La preponderancia de la tradición oral contribuyó en buena medida a que en el mundo clásico e incluso en la época medieval el concepto de ‘autoría’ careciera de unos límites bien definidos. Era frecuente entonces la utilización de textos ajenos para componer los propios, sobre todo cuando se pretendía poner por escrito hechos históricos o religiosos y argumentos  literarios o filosóficos que gozaban de cierta divulgación por correr de boca en boca. Además, la copia a mano de los textos originales para su difusión posterior favorecía esa autoría desdibujada a la que muchos podían contribuir. Hasta finales del siglo XV, impulsado por el auge de la imprenta, no surgió el concepto de ‘derechos de autor’. Se considera que fue la ciudad de Venecia la primera en instituir un sistema de concesión de privilegios o derechos de monopolio para la impresión de determinados libros y, debido a sus buenos resultados, poco a poco esta práctica restrictiva se fue extendiendo hasta convertirse en habitual en la Europa de los siglos XVII y XVIII. No obstante, estos primeros derechos de monopolio no tenían nada que ver con el autor de la obra en cuestión: se trataba de un asunto entre el impresor y el monarca, quienes se distribuían, según un acuerdo alcanzado, las ganancias generadas por los libros impresos bajo licencia. Rara vez suponían ingresos añadidos para el autor que había vendido su obra al impresor; tampoco lo protegían del plagio. 

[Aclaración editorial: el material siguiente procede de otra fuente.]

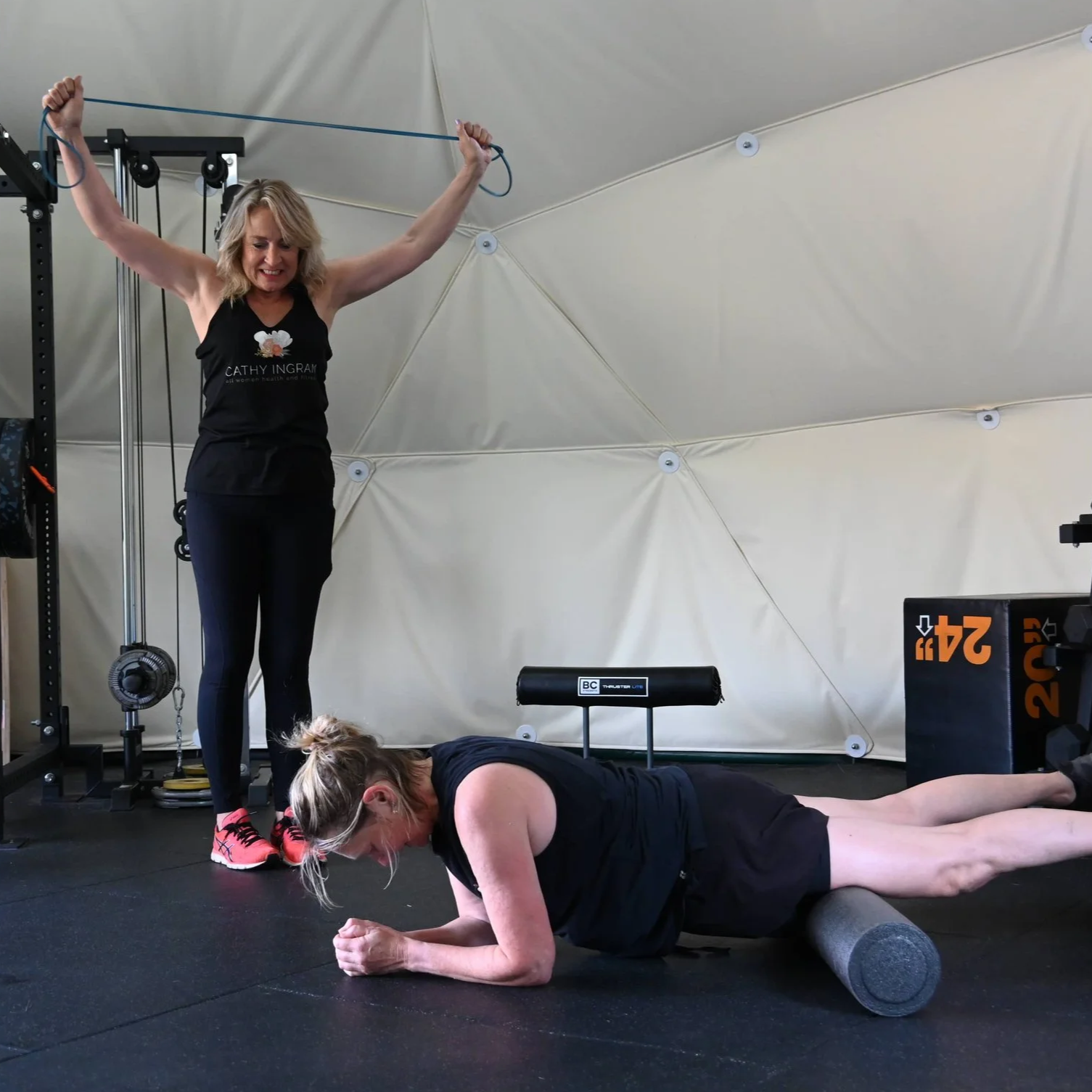 A woman is standing and holding a resistance band while another woman is doing a plank exercise in a gym.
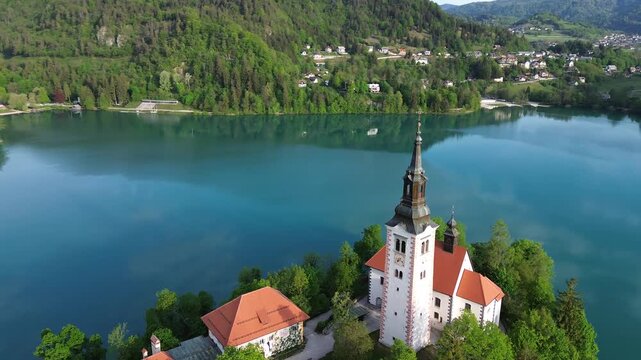 Aerial view of Bled Island with the Assumption of Mary Church on Lake Bled, Slovenia. Beautiful cinematic footage of the iconic island surrounded by turquoise blue water and Alps mountains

En la actualidad, los derechos de autor ―internacionalizados por su denominación en inglés como copyright― están más o menos normalizados y reconocen además derechos morales a los creadores, entre los que se incluyen recibir reconocimiento público por sus obras originales. El plagio está penado por ley puesto que hurta dicho reconocimiento al autor original. Pero los derechos de autor no son eternos. Cada país establece un plazo más o menos prolongado desde la muerte de un autor durante el cual los herederos recibirán los ingresos que genere la publicación de sus obras. En España la ley actual establece un plazo de setenta años desde la muerte de un autor antes de que su obra pase al dominio público. A partir de ese momento, cualquiera que lo desee la podrá utilizar gratuitamente, pero deberá respetar su derecho moral y su autoría. Ya están al alcance de todos los escritos de Valle-Inclán, García Lorca o Unamuno, por ejemplo, lo cual no significa que esté permitido el trabajo de tijera o el fusilamiento, dos expresiones habituales en nuestra lengua bajo las que se esconde el plagio; esto es, el robo sin paliativos. Que algo sea de dominio público no significa que se permita su apropiación indebida.

Quien plagia demuestra su escasa talla intelectual y ética. La mayoría recordamos a profesores mediocres que se aprovechaban del trabajo de sus alumnos y subalternos; también a compañeros de estudios que jamás compusieron una línea original. A todos ellos debería costarles caro.